WHAT IS BEING ASKED |
Reproduce only the lines from the line containing "Cozy Caps, cartoon font preview" to the end of the entries below, including both of those lines.
========================================
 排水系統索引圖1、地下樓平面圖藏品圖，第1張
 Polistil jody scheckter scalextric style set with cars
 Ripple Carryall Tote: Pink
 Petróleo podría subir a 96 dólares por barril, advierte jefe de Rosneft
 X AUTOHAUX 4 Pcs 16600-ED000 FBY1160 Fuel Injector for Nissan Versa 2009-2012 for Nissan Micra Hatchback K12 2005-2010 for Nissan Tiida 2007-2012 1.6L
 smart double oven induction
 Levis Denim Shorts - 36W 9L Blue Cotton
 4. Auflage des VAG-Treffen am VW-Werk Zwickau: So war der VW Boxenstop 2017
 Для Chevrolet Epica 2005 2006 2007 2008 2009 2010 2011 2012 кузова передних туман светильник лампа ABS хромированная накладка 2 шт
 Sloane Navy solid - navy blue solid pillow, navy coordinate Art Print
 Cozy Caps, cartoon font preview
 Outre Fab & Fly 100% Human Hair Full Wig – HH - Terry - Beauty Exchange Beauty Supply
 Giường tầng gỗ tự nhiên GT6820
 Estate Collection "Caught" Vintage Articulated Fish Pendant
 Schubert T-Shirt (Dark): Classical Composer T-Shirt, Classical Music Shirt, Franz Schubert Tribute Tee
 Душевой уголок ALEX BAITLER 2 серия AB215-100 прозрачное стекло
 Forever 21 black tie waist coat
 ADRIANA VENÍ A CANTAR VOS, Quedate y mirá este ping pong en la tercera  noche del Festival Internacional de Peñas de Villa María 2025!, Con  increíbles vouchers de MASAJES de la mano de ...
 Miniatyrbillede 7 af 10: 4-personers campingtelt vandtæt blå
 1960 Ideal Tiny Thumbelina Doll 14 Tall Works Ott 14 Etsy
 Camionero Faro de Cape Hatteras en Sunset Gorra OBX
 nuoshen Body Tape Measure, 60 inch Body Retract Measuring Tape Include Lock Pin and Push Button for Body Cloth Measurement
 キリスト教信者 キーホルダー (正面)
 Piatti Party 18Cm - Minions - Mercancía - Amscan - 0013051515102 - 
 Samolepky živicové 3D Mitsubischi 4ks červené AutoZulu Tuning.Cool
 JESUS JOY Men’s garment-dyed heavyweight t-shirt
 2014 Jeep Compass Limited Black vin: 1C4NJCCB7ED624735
========================================
RESULT OF THIS TASK |
 Cozy Caps, cartoon font preview
 Outre Fab & Fly 100% Human Hair Full Wig – HH - Terry - Beauty Exchange Beauty Supply
 Giường tầng gỗ tự nhiên GT6820
 Estate Collection "Caught" Vintage Articulated Fish Pendant
 Schubert T-Shirt (Dark): Classical Composer T-Shirt, Classical Music Shirt, Franz Schubert Tribute Tee
 Душевой уголок ALEX BAITLER 2 серия AB215-100 прозрачное стекло
 Forever 21 black tie waist coat
 ADRIANA VENÍ A CANTAR VOS, Quedate y mirá este ping pong en la tercera  noche del Festival Internacional de Peñas de Villa María 2025!, Con  increíbles vouchers de MASAJES de la mano de ...
 Miniatyrbillede 7 af 10: 4-personers campingtelt vandtæt blå
 1960 Ideal Tiny Thumbelina Doll 14 Tall Works Ott 14 Etsy
 Camionero Faro de Cape Hatteras en Sunset Gorra OBX
 nuoshen Body Tape Measure, 60 inch Body Retract Measuring Tape Include Lock Pin and Push Button for Body Cloth Measurement
 キリスト教信者 キーホルダー (正面)
 Piatti Party 18Cm - Minions - Mercancía - Amscan - 0013051515102 - 
 Samolepky živicové 3D Mitsubischi 4ks červené AutoZulu Tuning.Cool
 JESUS JOY Men’s garment-dyed heavyweight t-shirt
 2014 Jeep Compass Limited Black vin: 1C4NJCCB7ED624735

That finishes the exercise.